4. An amide compound according to claim 2, wherein Ar is phenyl or naphthyl which may be substituted by at least one selected from halogen, amino, hydroxy, cyano, nitro, C1-C10 alkyl, C1-C10 haloalkyl, cyano C1-C9 alkyl, C2-C10 alkenyl, C2-C10 haloalkenyl, C2-C10 alkynyl, C2-C10 haloalkynyl, C3-C6 cycloalkyl, C3-C6 cycloalkenyl, C1-C10 alkoxy, C1-C10 haloalkoxy, C3-C10 alkenyloxy, C3-C10 haloalkenyloxy, C3-C10 alkynyloxy, C3-C10 haloalkynyloxy, C3-C10 cycloalkoxy, cyano C1-C9 alkoxy, C1-C10 alkylthio, C1-C10 haloalkylthio, C2-C10 (alkoxycarbonyl) and tri(C1-C6 alkyl)silyl.

5. An amide compound according to claim 2, wherein Ar is phenyl, 4-methylphenyl, 3-methylphenyl, 4-ethylphenyl, 4-methoxyphenyl, 3-methoxyphenyl, 4-chlorophenyl, 4-trifluoromethylphenyl, 3,4-tetramethylenephenyl, 3,4-trimethylenephenyl, 3,4-dichlorophenyl, 3,4-dimethoxyphenyl or 2-naphthyl.

6. An amide compound according to claim 1, wherein A is an ethylene group.
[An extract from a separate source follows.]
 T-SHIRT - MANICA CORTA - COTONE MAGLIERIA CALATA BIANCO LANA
7. An amide compound according to claim 1, wherein R2 is a hydrogen atom.

8. An amide compound according to claim 1, wherein both of X and Y are oxygen atoms.
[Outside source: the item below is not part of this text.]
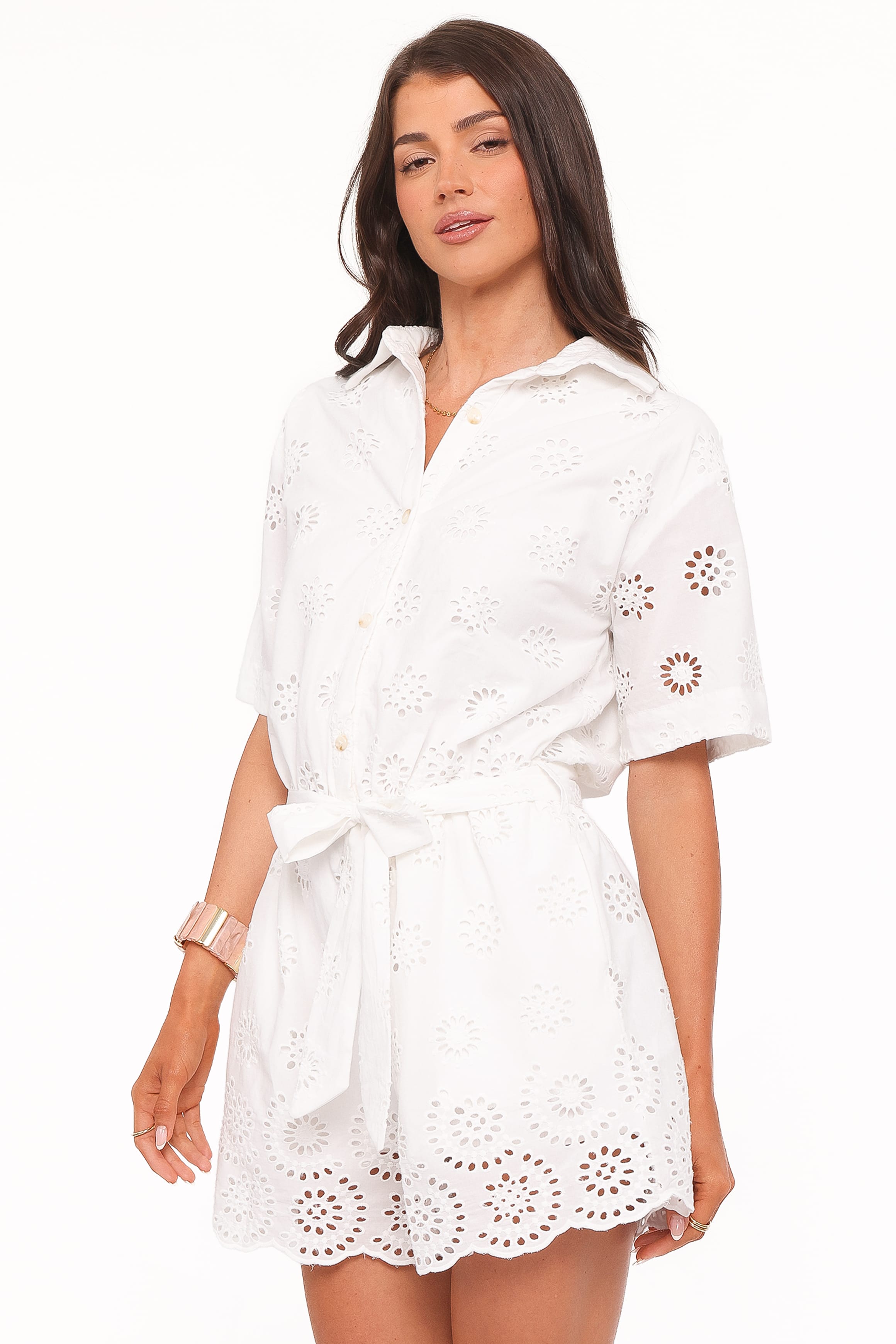 PLAYSUITS @Jamie Tie Front Playsuit - White Broderie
9. An amide compound according to claim 1, wherein both of Z1 and Z2 are methoxy.

10. An amide compound according to claim 1, wherein Z1 is methoxy and Z2 is 2-propynyloxy.

11. An amide compound according to claim 1, wherein R1 is a fluoromethyl, difluoromethyl, trifluoromethyl or 2-propynyl.
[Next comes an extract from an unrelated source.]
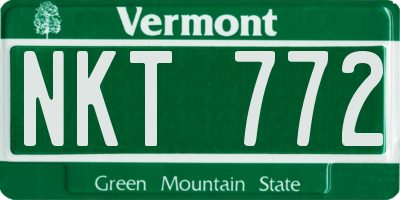 VT license plate NKT772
12. An amide compound according to claim 1, which is N-[2-(3,4-dimethoxyphenyl) ethyl]-3-difluoromethoxy-2-(4-methylphenyl)acrylamide, N-[2-(3,4-dimethoxyphenyl)ethyl]-3-difluoromethoxy-2-[2-(5,6,7,8-tetrahydronaphthalen-2-yl)]acrylamide, N-[2-{3-methoxy-4-(2-propynyloxy)phenyl}ethyl]-3-difluoromethoxy-2-(5,6,7,8-tetrahydronaphthalen-2-yl)acrylamide, N-[2-{3-methoxy-4-(2-propynyloxy)phenyl}ethyl]-3-difluoromethoxy-2-(4-methyphenyl) acrylamide, N-[2-(3,4-dimethoxyphenyl)ethyl]-3-difluoromethoxy-2-(4-chlorophenyl)acrylamide or N-[2-{3-methoxy-4-(2-propynyloxy)phenyl}ethyl]-3-difluoromethoxy-2-(4-chlorophenyl)acrylamide.

13. A fungicide which is characterized by comprising an amide compound described in claim 1 as an active ingredient, and a carrier.

14. A method for controlling plant diseases which is characterized by applying an effective amount of an amide compound described in claim 1 to plants.